Dear White People is back and season three is better than ever. Compared to previous seasons, this season goes into more depth with the main characters: Sam White (Logan Browning), Gabe (John Patrick Amedori), Joelle Brooks (Ashley Blaine Featherson), Reggie Green (Marque Richardson), Colandrea “Coco” Conners (Antoinette Robertson), and Lionel Higgins (DeRon Horton).
The season frames its situational narratives around the characters growing up and changing. These situations open doors to larger issues such as white privilege, idolship, and so much more. Picking up where last season left off, Sam and Lionel investigate a secret society regarding Winchester’s past “secret” group called “The Order of X,” which involved the most influential and important black students at Winchester years ago. The two become so frustrated with the endless struggles of activism and tracking down the Order that they give up and resolve to change. Sam quits her eponymous “Dear White People” and Lionel quits The New Independent, the grassroots publication that he was so anxious to start.
Simultaneously, the arrival of Professor Moses Brown, who was an alumnus of Winchester University, creates a thread that weaves throughout the season. Reggie, a previous victim of police brutality, forms a bond with Professor Brown. Even though Brown is the main character that this season is developed around, we also get introduced to another new character: Coco’s alter ego — played by actress and model Ryan Destiny — who manifests when Coco is at her most anxious and insecure while she attempts to gain a fellowship. Kurt finds himself tokenized on the writing staff of the controversial comedy magazine Pastiche and Gabe struggles to balance work and school life when he needs to come up with large sums of money to shoot his thesis film.

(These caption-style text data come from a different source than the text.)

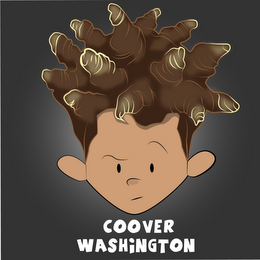 COOVER WASHINGTON logo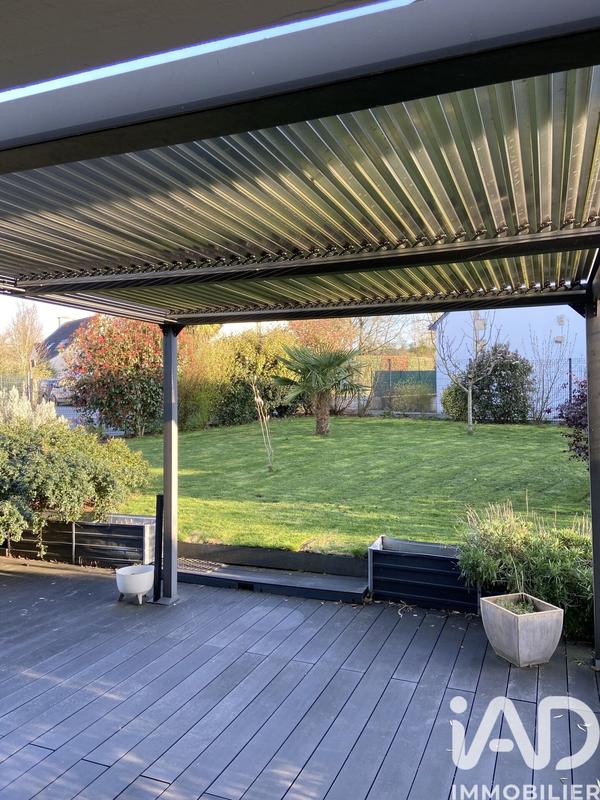 Maison - 200 m² - 8 pièces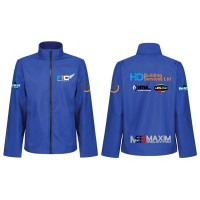 Ferndale Tri Club Softshell Jacket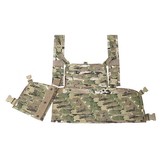 Elite Ops 901 Chest Rig Base - MultiCam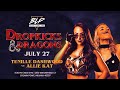 Tenille Dashwood S Black Label Pro Debut Versus Allie Kat FREE Match IWTV Live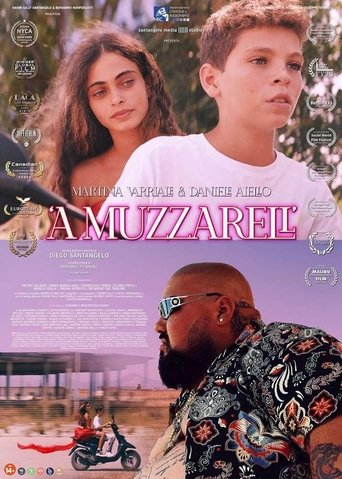 'A Muzzarell' Poster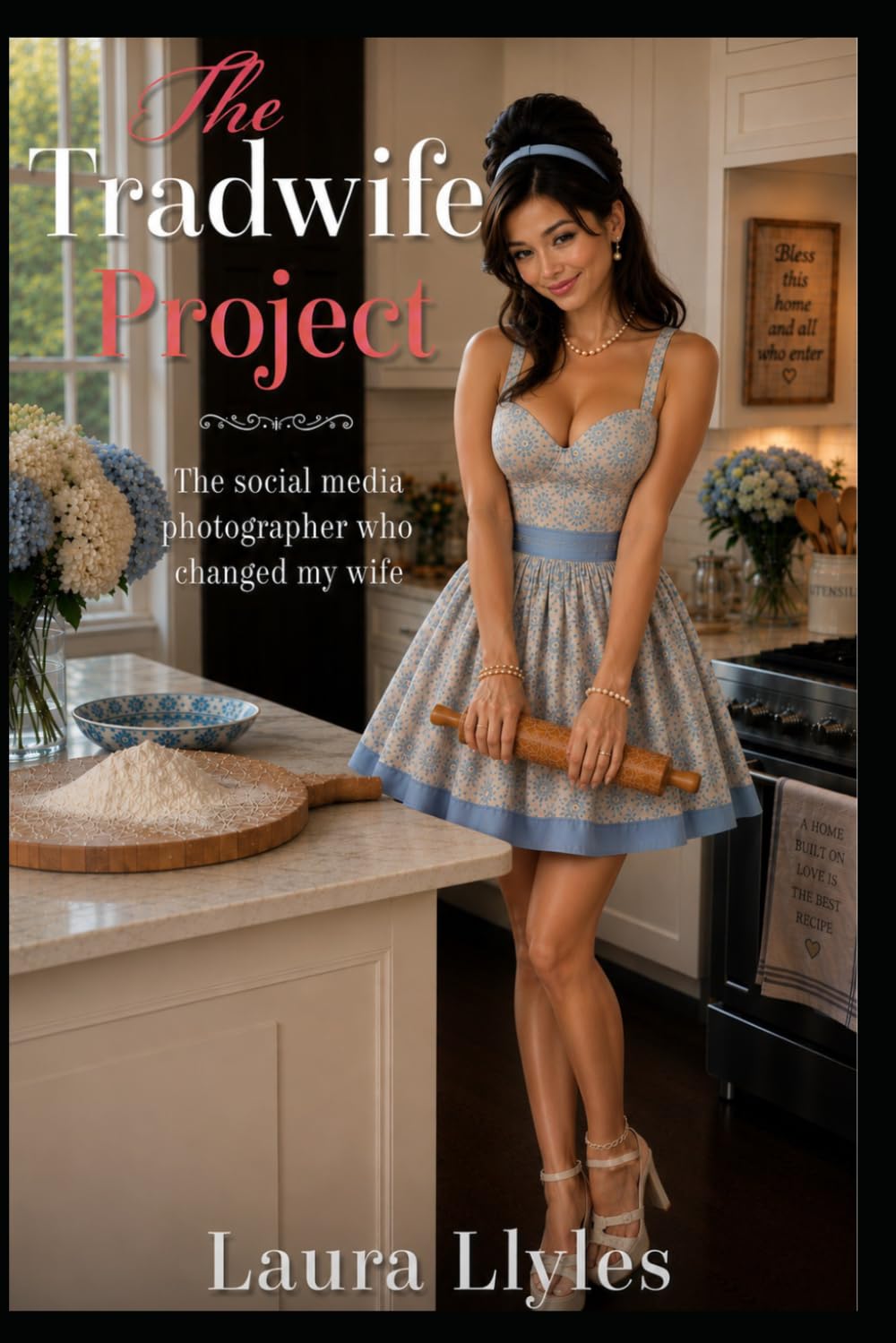 The TradWife Project: The social media photographer who changed my wife (The Tradwife Becomes a Hotwife)
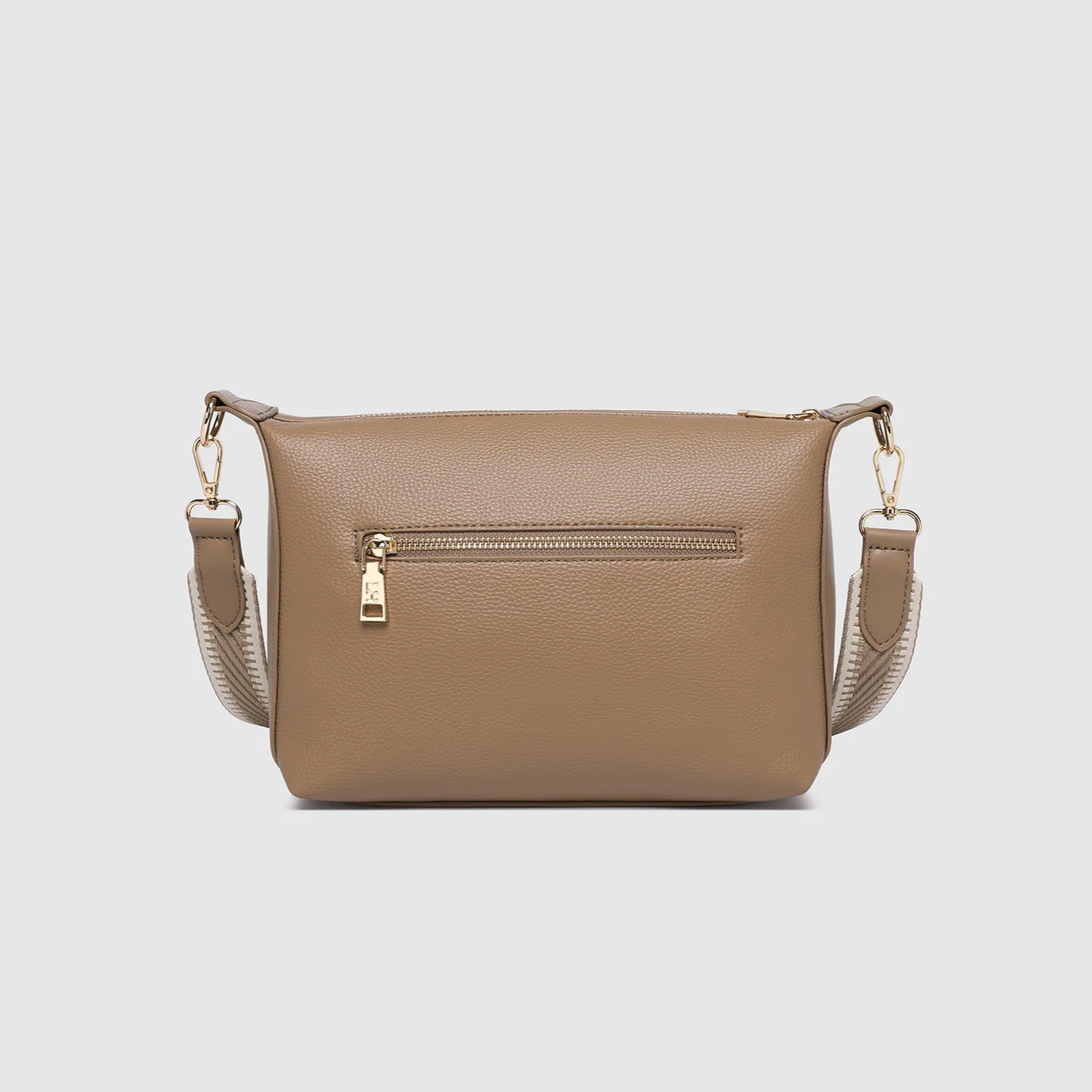 Havana Crossbody Bag | Mocha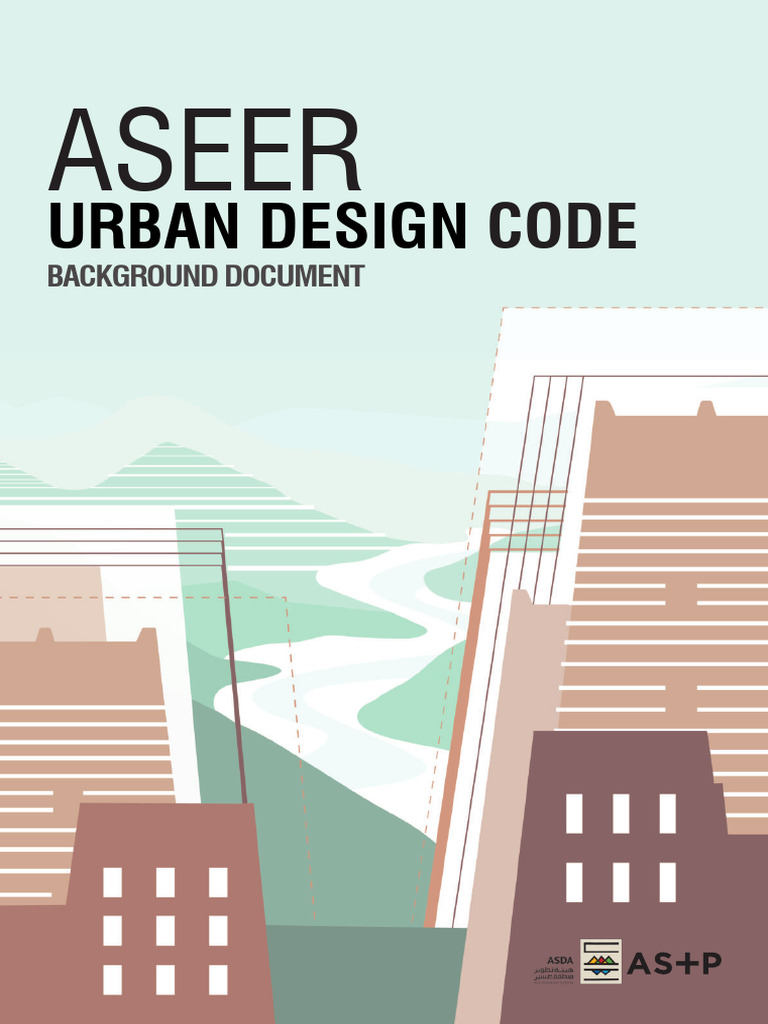 ASEER Urban Design Code | PDF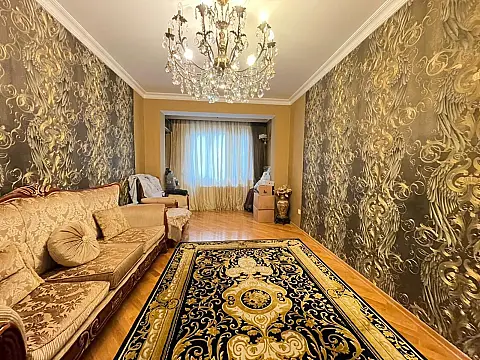 Satılır 3 otaqlı mənzil 90 m²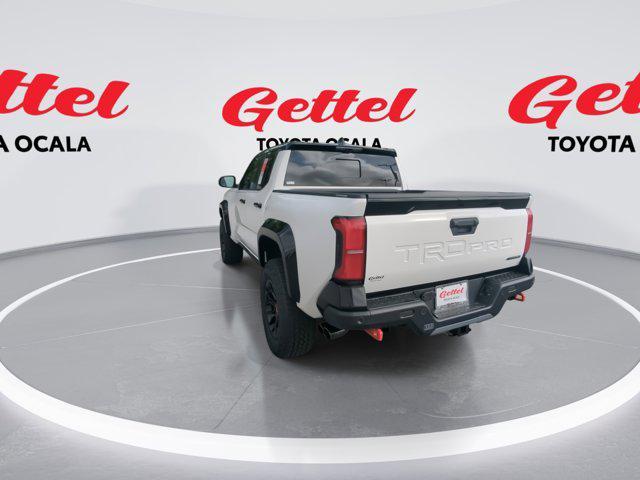 new 2025 Toyota Tacoma car, priced at $67,956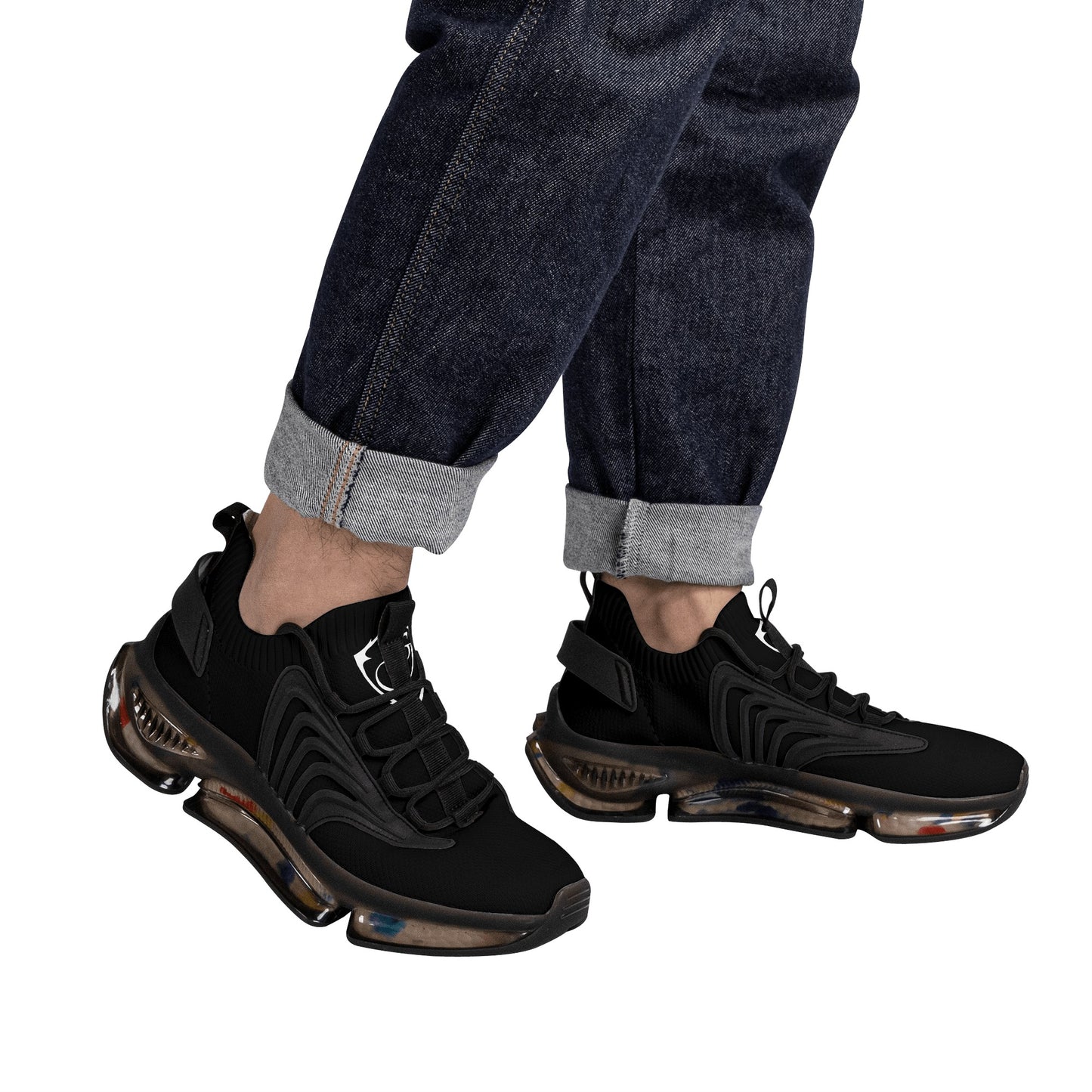 Mens Air Heel React Sneakers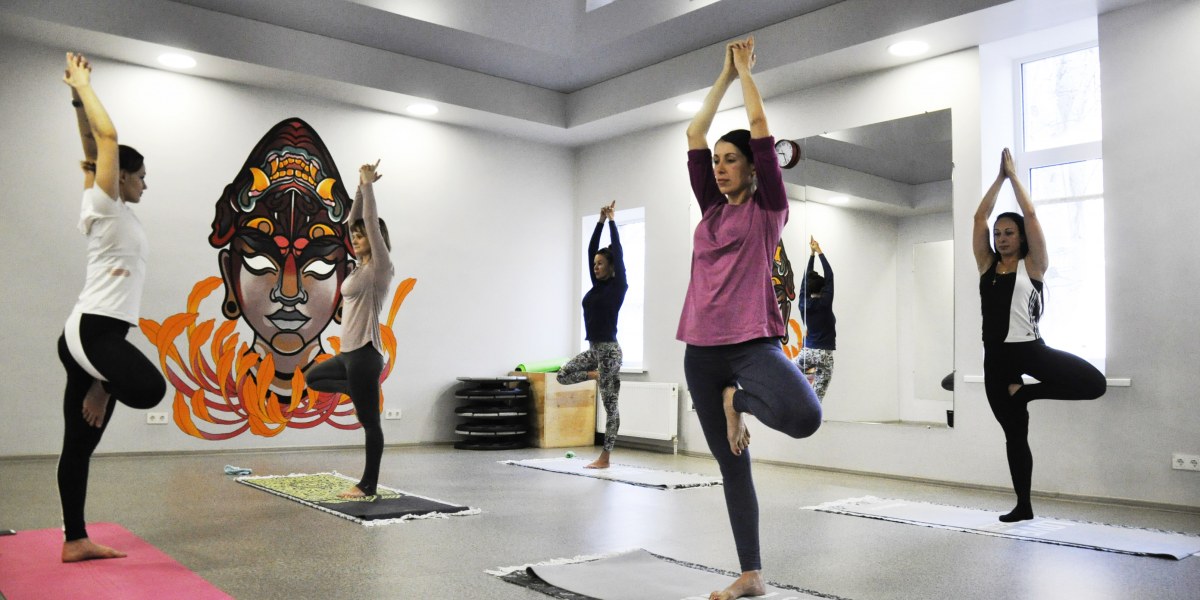 Yoga Time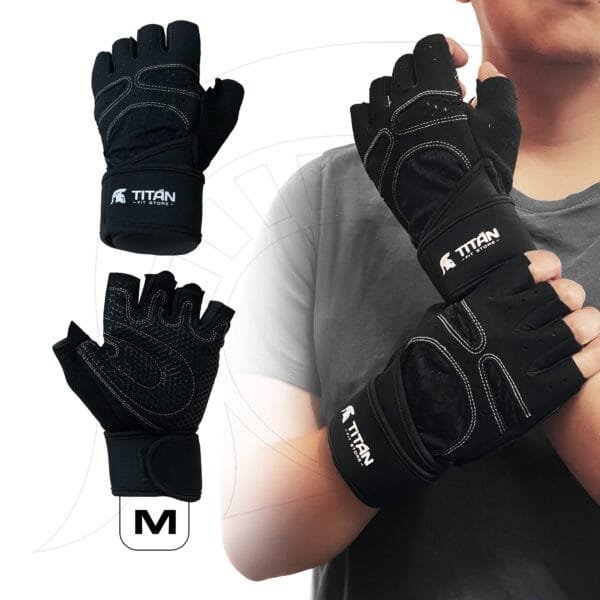 GUANTE DE ENTRENAMIENTO "M"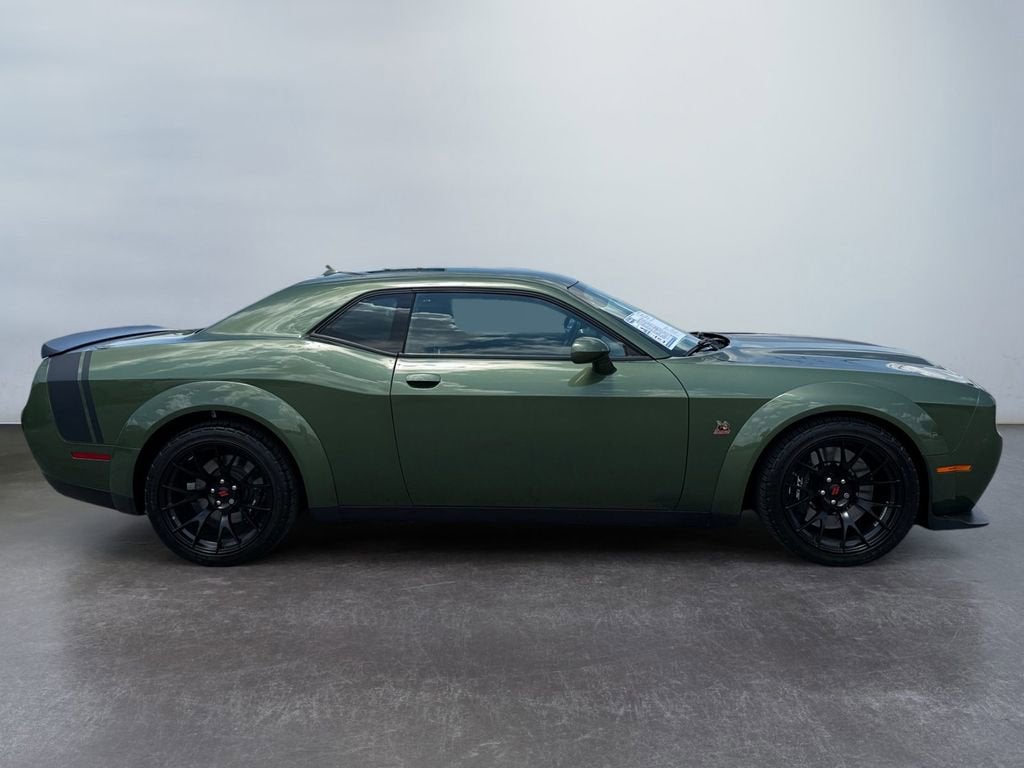 2022 Dodge Challenger R/T Scat Pack Widebody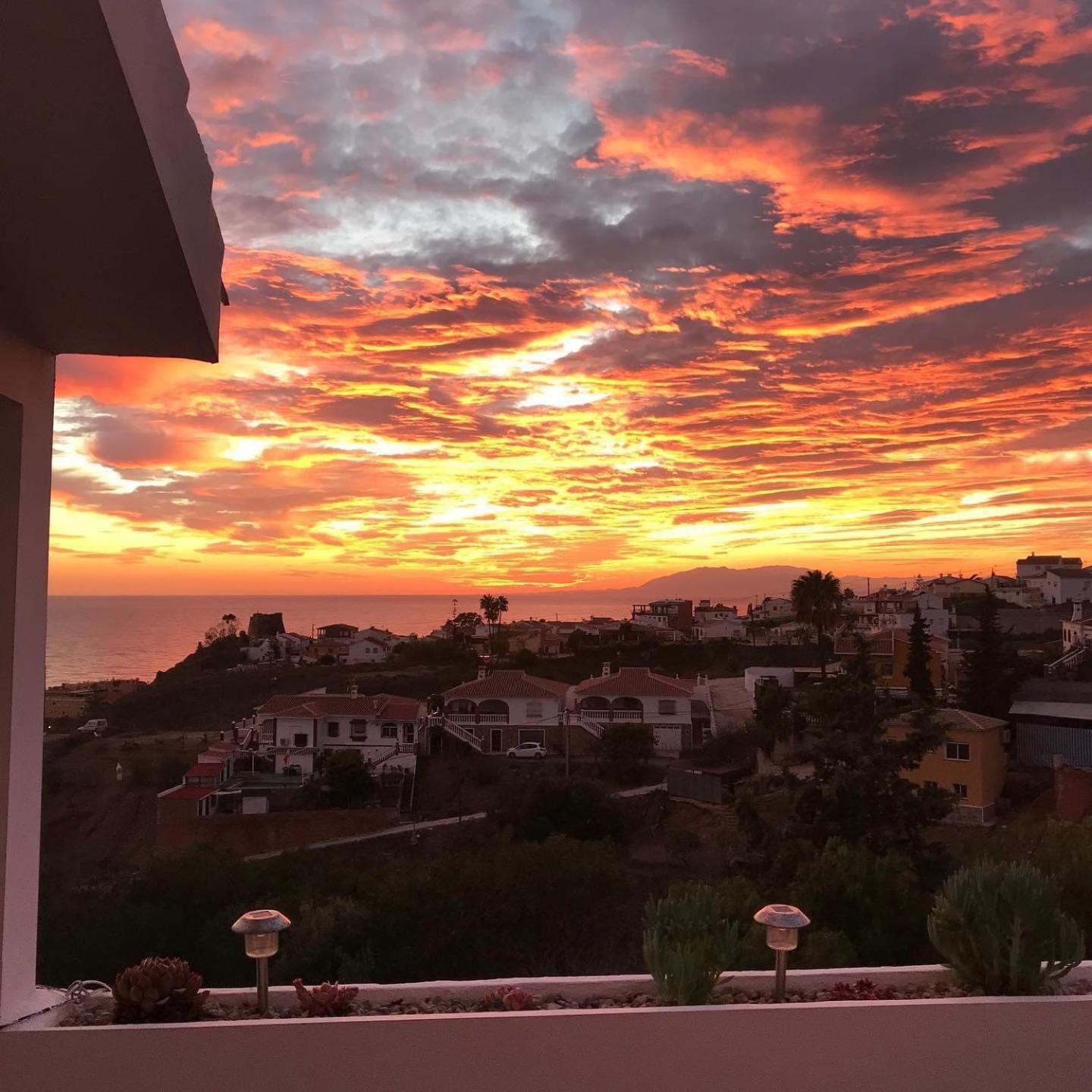 La Casita En Benajarafe Malaga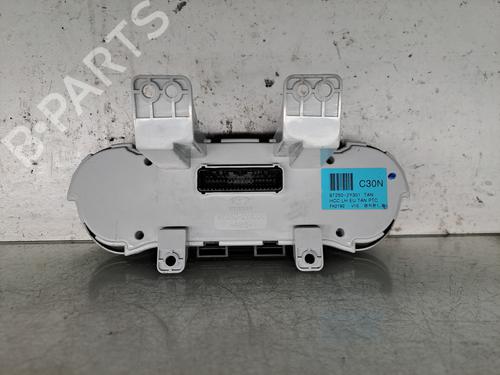 Used Climate control Climate control 38667885 38667885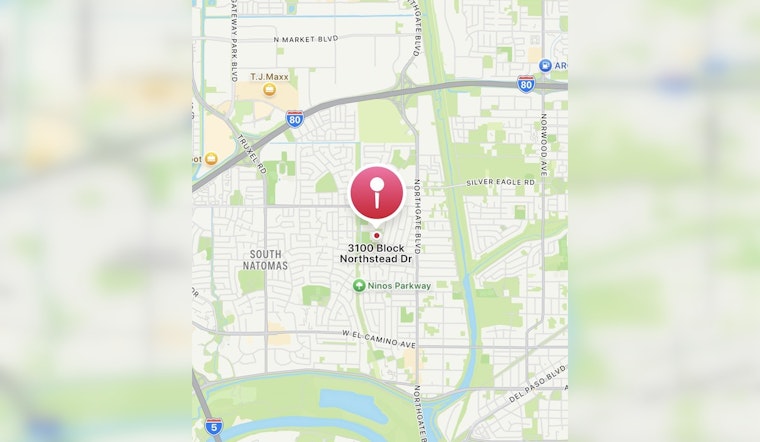 Pre-Dawn Police Shooting Rocks Quiet North Sacramento Block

Overall, this show is important for everyone and anyone, of any race, ethnicity, background, sexual orientation, identity and etc, to take the time to watch. Many people don’t get to see the perspective of people of color within a predominately-white institution, or PWI. Having a show that exemplifies that particular situation is revelatory; most of the time, college campuses act as smaller societies that are sort of isolated from the real world. This show is a representation of what I have experienced, heard and witnessed so far here at IC. With these, people of color acknowledging and witnessing a reality at an Ivy League and a PWI is the same way that I once more, experience and witness here at IC.